Dans le groupe "voisins vigilants du 12ème", et dans le groupe "j''habite le 12ème" des témoignages vont dans ce sens. 

Le maire de secteur confirme cette insécurité au sein du parc et deux agressions récentes lui ont été remontées.

"J'aimerai des caméras de vidéos surveillance à l'intérieur du parc, cela dépend de la police municipale et des des agents de sécurité des parcs et jardins de la ville, donc il faudrait vraiment plus d'effectifs qui patrouillent dans ce parc".

Yannick Ohanessian insiste sur le fait qu"'il y a près de 1600 caméras de surveillance dans la ville et qu'elles sont plutôt réparties de façon équitables dans les différents secteurs, et que contrairement aux idées reçues, elles enregistrent ce qui se passe et permettent l'élucidation de certains méfaits".

Pour Sophie*, cette insécurité va plus loin, son fils de 18 ans l'a appelé en sortant de son entraînement de foot la semaine dernière entre les Caillols et Saint-Barnabé.

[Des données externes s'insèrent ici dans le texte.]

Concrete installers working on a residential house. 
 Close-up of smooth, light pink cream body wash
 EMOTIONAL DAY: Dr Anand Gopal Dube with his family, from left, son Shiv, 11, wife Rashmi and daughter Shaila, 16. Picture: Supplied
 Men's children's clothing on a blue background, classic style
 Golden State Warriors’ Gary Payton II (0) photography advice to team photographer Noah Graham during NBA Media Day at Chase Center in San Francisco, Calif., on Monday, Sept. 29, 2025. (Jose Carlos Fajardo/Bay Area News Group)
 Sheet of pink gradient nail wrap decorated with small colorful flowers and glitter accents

"Il devait prendre le bus pour rentrer comme d'habitude de son entraînement, il m'a appelé en panique car il était suivi par plusieurs jeunes, il avait beau accélérer le pas, il a bien senti qu'il était leur cible, il était stressé au téléphone, et j'ai dû tout lâcher pour aller le chercher au plus vite"

Pour les habitants comme Corinne de La Fourragère, "c'est la L2 et le métro qui ont fait augmenter la délinquance dans le secteur".

Un fait que réfute le maire de secteur Sylvain Souvestre, pour lui "c'est plus l'absence d'effectif car ces deux infrastructures n'ont pas apporté plus de passages dans le quartier ni de clients aux commerçants donc le lien de cause à effet n'est pas prouvé".